Reproduce only the lines below from the line containing "Filled and outline" to the line containing "1-к кв. Дагестан, Дербент", exactly as written, with both end lines kept. Omit the pictures.

## Supplied data
┌──

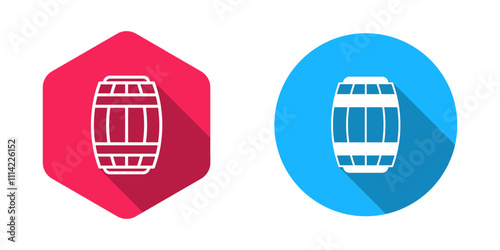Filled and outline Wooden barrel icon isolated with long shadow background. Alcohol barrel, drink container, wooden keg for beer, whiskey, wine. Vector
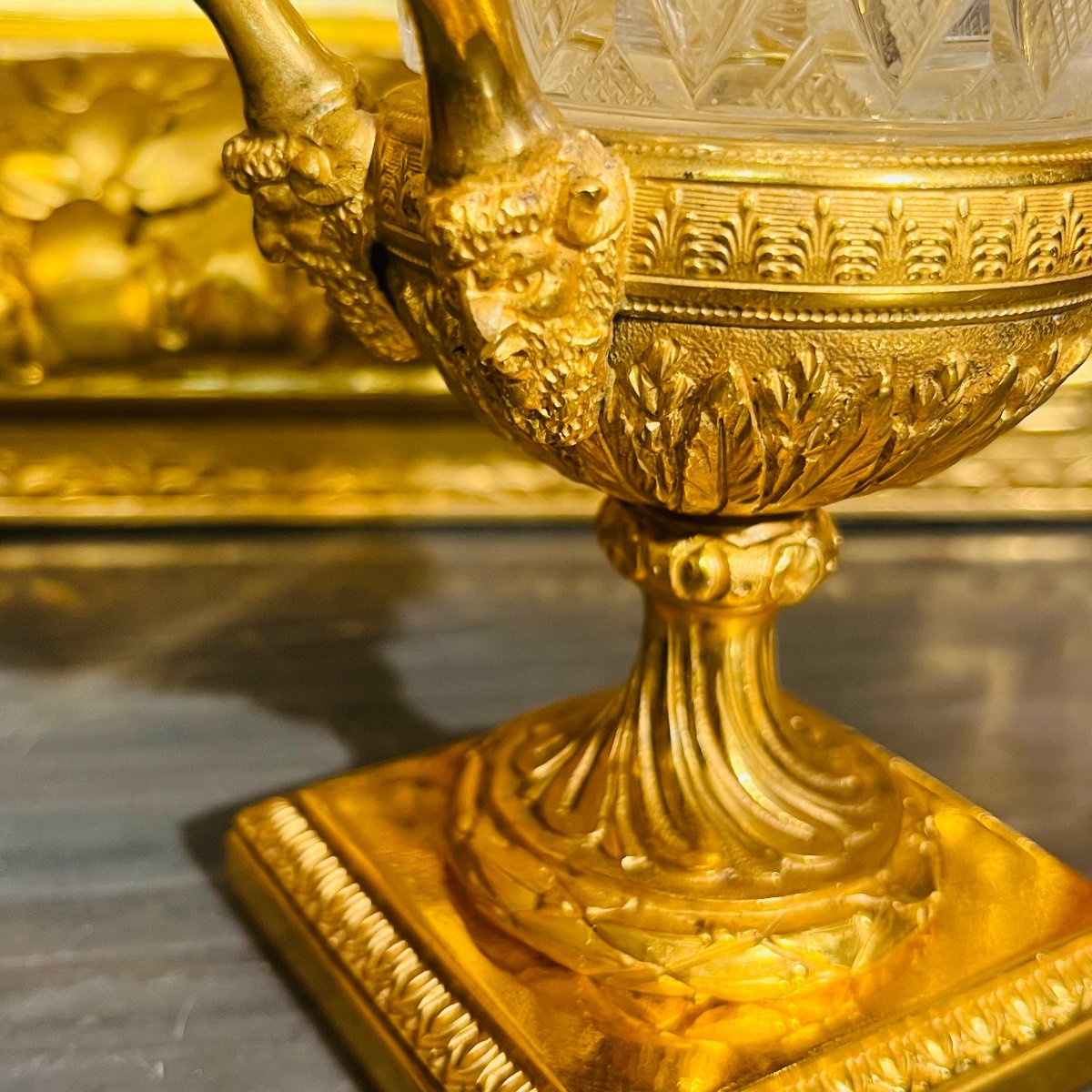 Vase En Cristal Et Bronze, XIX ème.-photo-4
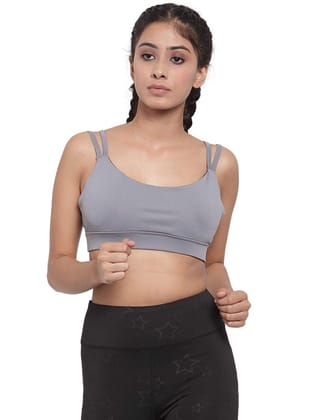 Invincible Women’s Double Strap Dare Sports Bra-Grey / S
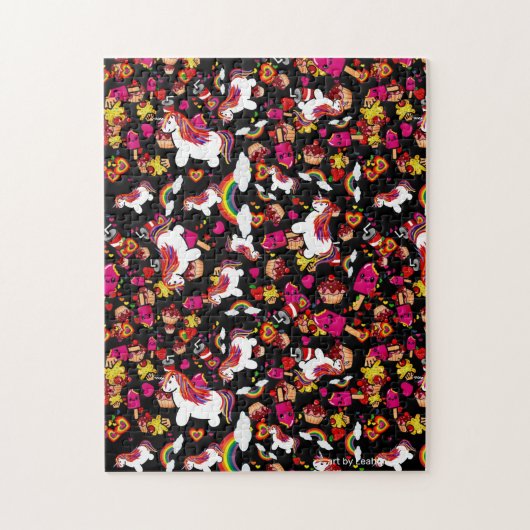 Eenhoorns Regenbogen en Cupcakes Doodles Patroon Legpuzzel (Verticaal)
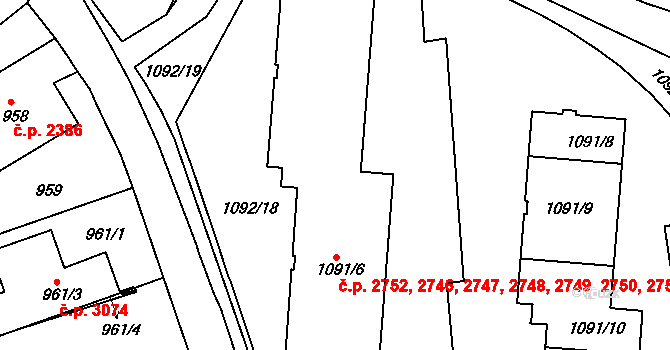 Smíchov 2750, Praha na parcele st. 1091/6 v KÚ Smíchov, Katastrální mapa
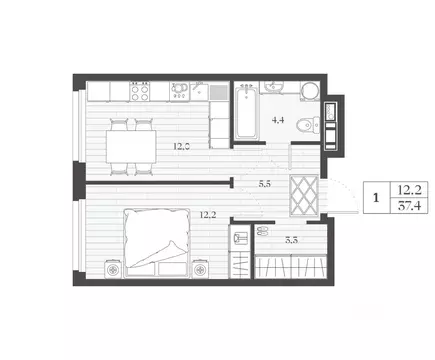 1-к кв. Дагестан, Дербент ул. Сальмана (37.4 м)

└──
┌──

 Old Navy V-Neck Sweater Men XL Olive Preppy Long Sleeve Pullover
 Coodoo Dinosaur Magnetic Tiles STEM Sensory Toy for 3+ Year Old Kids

└──

## Result below
Filled and outline Wooden barrel icon isolated with long shadow background. Alcohol barrel, drink container, wooden keg for beer, whiskey, wine. Vector
 Vase En Cristal Et Bronze, XIX ème.-photo-4
 Invincible Women’s Double Strap Dare Sports Bra-Grey / S
 Eenhoorns Regenbogen en Cupcakes Doodles Patroon Legpuzzel (Verticaal)
 Smíchov 2750, Praha na parcele st. 1091/6 v KÚ Smíchov, Katastrální mapa
 1-к кв. Дагестан, Дербент ул. Сальмана (37.4 м)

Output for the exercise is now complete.